L’expertise climatique doit s’imposer dans les salles de presse
Afin de proposer un journalisme de solution, mais aussi dresser un portrait juste des causes et conséquences du changement climatique, les rédactions doivent faire appel à des experts pour les aider à traiter du sujet. D’autant plus que 48% des Français attendent des médias et des journalistes une expertise de chercheurs et spécialistes pour traiter de la question climatique. Dans le rapport de prédictions 2022 du Reuters, Vincent Giret, directeur de l’information à Radio France, déplore la formation des journalistes sur le sujet. Ce dernier estime qu’il y a une "faiblesse fondamentale de la culture et de la formation scientifiques de nos salles de rédaction et que notre façon de sélectionner et d'embaucher les jeunes journalistes est trop axée sur les formations classiques et littéraires". Il faudrait donc renforcer les relations entre les salles de presse et les institutions académiques pour aider à construire une meilleure compréhension et de meilleures techniques d’enseignement du changement climatique.
Pour certaines investigations ou formats, il est nécessaire de travailler directement avec des experts du climat et de l’environnement. Pour Jane Barrett, rédactrice en chef de Reuters Global News, les journalistes ou reporters généralistes traitent les enjeux comme un sujet d’actualité générique “sans vraiment comprendre la science et la manière dont elle s'inscrit dans un contexte plus large”. Il est donc recommandé aux rédactions de faire appel à des entités externes tel que des chercheurs, des laboratoires ou des associations en les impliquant à différents niveaux pour vérifier la manière dont les faits s'inscrivent dans une logique globale.
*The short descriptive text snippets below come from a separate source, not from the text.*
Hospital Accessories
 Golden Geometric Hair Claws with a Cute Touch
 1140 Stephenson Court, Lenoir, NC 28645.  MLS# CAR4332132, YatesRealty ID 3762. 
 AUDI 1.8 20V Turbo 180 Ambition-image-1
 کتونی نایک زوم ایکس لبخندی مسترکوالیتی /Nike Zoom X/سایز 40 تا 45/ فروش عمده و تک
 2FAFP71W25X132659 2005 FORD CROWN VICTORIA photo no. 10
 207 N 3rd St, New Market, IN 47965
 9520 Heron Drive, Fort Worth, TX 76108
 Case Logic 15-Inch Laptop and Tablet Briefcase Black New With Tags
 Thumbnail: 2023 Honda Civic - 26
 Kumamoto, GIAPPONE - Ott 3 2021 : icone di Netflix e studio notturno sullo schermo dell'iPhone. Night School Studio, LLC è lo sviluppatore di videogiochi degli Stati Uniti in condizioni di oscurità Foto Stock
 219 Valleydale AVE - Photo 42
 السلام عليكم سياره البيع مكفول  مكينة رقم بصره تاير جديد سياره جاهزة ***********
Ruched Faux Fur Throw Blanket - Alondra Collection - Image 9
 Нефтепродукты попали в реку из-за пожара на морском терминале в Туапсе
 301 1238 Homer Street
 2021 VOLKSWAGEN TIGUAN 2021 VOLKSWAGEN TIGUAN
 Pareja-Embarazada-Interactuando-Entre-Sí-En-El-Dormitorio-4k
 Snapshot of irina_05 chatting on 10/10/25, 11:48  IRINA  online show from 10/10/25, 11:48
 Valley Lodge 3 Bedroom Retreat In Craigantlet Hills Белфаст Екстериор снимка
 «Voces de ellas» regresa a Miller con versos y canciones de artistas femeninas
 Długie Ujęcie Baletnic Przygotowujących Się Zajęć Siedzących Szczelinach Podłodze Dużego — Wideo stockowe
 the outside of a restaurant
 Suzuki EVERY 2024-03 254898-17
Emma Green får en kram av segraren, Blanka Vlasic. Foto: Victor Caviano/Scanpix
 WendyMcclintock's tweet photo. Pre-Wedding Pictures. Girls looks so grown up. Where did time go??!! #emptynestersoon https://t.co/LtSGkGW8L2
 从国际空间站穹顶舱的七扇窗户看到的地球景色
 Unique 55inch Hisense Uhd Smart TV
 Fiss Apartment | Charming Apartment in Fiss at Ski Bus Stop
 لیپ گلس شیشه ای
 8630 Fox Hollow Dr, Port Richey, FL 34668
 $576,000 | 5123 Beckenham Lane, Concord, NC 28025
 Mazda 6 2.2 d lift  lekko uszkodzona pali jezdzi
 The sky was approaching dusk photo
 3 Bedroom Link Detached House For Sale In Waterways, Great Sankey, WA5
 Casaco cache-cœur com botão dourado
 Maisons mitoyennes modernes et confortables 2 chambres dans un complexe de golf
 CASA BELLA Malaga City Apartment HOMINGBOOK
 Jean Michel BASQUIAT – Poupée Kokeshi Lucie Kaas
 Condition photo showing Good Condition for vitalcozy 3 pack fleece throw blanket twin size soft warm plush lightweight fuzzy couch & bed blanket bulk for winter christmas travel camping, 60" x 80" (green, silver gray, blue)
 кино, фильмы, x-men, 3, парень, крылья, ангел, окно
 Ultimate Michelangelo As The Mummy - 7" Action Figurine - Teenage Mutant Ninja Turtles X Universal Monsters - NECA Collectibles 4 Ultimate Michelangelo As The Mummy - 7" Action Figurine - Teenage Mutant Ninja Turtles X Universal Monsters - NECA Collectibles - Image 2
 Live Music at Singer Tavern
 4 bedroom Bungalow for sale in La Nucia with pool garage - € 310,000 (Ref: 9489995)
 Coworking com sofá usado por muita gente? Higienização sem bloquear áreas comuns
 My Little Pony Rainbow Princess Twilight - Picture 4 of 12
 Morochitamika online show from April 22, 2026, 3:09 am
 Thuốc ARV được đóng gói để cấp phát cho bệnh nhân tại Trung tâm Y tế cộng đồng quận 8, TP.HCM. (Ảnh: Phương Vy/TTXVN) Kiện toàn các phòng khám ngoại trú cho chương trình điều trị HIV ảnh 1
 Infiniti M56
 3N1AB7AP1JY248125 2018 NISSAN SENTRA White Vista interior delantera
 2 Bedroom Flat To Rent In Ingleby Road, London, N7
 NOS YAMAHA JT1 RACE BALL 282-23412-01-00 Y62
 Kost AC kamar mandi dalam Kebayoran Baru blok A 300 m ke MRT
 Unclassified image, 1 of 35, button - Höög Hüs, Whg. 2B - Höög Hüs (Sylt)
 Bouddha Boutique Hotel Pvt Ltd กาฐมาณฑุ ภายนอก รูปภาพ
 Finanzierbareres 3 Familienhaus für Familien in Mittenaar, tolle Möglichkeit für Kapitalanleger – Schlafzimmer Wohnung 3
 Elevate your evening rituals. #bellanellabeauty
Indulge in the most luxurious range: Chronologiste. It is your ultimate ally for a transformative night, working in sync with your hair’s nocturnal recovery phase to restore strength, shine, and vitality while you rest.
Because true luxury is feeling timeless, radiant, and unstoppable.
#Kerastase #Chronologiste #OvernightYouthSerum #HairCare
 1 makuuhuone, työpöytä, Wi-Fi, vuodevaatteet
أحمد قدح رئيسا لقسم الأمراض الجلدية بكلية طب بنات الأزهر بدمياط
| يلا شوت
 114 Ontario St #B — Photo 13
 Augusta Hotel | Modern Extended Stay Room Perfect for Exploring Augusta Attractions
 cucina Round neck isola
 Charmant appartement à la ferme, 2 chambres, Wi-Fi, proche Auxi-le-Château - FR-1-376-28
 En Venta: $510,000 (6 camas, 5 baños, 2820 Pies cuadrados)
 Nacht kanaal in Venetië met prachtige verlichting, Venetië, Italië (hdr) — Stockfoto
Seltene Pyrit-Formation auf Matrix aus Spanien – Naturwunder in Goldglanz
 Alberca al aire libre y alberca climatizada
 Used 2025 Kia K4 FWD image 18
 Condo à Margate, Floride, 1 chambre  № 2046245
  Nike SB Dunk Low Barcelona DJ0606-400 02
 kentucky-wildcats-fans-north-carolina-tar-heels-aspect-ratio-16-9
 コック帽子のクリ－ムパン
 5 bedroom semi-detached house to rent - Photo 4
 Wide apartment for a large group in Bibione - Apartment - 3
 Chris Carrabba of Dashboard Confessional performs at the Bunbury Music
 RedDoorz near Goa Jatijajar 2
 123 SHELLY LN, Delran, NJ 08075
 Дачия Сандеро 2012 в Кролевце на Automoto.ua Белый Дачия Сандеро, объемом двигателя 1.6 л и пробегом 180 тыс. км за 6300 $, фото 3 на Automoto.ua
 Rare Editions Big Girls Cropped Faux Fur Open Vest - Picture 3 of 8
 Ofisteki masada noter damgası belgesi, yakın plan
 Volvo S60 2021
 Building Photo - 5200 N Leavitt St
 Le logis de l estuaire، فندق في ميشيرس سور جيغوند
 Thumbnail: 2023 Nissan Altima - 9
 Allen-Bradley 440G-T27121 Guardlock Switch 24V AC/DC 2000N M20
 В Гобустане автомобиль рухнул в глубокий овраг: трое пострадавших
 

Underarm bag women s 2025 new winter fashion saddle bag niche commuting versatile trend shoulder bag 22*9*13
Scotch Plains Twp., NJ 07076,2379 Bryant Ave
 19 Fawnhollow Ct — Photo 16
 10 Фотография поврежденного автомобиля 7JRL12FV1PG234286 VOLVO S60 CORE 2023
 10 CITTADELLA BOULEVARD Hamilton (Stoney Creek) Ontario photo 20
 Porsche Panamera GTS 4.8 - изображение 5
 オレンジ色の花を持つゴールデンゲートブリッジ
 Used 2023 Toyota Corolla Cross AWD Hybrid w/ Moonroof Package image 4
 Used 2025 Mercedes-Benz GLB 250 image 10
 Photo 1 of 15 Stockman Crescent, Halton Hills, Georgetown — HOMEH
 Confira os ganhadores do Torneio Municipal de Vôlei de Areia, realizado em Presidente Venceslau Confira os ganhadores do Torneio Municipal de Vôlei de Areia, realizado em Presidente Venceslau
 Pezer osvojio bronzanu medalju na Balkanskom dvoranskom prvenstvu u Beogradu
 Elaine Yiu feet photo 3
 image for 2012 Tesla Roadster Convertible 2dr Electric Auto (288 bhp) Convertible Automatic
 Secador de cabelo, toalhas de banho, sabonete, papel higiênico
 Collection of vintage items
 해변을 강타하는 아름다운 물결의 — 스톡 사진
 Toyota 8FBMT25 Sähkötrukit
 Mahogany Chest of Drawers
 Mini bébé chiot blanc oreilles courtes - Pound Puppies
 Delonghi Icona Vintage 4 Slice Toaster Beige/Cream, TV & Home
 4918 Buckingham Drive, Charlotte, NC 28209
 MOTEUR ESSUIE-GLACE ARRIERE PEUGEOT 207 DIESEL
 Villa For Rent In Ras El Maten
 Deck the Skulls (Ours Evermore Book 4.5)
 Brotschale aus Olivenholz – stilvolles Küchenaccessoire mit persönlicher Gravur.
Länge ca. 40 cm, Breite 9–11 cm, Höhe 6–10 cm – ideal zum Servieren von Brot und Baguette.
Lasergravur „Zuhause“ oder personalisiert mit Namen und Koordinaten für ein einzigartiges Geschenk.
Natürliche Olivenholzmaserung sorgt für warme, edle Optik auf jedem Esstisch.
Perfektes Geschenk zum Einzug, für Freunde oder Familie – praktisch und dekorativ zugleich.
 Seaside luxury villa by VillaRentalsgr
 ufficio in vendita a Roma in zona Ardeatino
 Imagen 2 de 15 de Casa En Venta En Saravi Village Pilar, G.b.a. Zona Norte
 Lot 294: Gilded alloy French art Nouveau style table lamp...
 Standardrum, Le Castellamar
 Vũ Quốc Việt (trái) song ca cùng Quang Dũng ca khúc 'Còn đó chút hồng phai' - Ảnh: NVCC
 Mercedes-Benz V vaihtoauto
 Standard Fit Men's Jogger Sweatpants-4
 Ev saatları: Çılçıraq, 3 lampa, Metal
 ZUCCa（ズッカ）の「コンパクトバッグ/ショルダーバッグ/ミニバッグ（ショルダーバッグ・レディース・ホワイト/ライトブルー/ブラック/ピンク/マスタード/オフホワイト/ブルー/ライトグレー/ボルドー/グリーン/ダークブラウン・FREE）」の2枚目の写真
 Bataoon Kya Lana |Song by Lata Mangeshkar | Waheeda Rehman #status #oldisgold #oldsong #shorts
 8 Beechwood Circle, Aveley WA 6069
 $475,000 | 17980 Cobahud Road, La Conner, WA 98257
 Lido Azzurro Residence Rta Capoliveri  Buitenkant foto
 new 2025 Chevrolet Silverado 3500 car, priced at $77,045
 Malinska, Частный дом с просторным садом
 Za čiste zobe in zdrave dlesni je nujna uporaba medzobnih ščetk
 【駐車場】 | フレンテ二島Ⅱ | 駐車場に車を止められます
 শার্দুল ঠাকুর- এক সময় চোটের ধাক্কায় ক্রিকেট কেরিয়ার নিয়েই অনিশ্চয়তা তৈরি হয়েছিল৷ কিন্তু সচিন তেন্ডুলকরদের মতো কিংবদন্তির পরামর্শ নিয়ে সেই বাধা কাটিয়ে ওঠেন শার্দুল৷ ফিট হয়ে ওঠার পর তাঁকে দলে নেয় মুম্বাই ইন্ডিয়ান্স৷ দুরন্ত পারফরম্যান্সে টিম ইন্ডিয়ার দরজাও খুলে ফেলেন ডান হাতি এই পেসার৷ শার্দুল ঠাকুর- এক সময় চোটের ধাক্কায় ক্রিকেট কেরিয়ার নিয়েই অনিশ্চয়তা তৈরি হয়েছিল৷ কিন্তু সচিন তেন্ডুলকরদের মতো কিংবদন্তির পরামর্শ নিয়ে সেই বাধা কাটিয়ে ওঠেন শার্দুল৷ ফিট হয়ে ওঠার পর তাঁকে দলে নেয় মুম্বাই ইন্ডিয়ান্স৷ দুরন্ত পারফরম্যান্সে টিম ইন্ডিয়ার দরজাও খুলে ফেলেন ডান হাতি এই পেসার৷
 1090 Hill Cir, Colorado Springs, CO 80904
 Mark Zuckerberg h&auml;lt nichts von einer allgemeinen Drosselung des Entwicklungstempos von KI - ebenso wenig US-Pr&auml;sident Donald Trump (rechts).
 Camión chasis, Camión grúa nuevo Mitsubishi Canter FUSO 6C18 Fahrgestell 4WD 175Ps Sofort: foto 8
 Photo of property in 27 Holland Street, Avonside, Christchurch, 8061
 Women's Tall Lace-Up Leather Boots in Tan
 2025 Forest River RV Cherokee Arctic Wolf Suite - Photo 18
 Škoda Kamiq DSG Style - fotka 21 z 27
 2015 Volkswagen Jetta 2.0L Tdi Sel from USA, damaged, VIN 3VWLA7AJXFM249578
C’est par exemple le cas de France Info, qui dans le contexte de l’élection présidentielle, s’est associé avec The Shift Project, une association spécialisée dans l’atténuation de la dépendance aux énergies fossiles, pour développer un format sur les mesures écologiques des candidats. Le format et son interface sont pensés par France Info, qui s’appuie sur les données et la méthodologie d’une association d’experts.
Pour d'autres, l’expertise climatique doit directement intégrer les salles de presse. Natalia Viana Rodrigues, directrice de l'Agência Pública au Brésil, dit qu’il faut “cesser d'hésiter à dire qu'il s'agit du plus grand défi des dix prochaines années et commencer à couvrir le changement climatique dans tous les domaines, de l'économie à la politique et à la société". Ainsi, des experts, rédacteurs en chef ou journalistes, pourraient agir à titre de consultant interne afin de veiller à la véracité du contenu pour aiguiller l’ensemble de la rédaction, mais aussi au volume d’information en lien avec le changement climatique traité par le média.
La meilleure manière d’améliorer la quantité et la qualité de la couverture médiatique du réchauffement climatique se trouve au cœur des rédactions : il s’agit de mieux préparer et accompagner les médias dans le traitement de l’information. En plus de ressources économiques et humaines, un travail collaboratif entre scientifiques, journalistes, associations et chercheurs dans le traitement du sujet semble être une des solutions à envisager. L'importance et le caractère transverse du changement climatique gagneraient à se refléter dans la manière même dont on pense le journalisme aujourd’hui.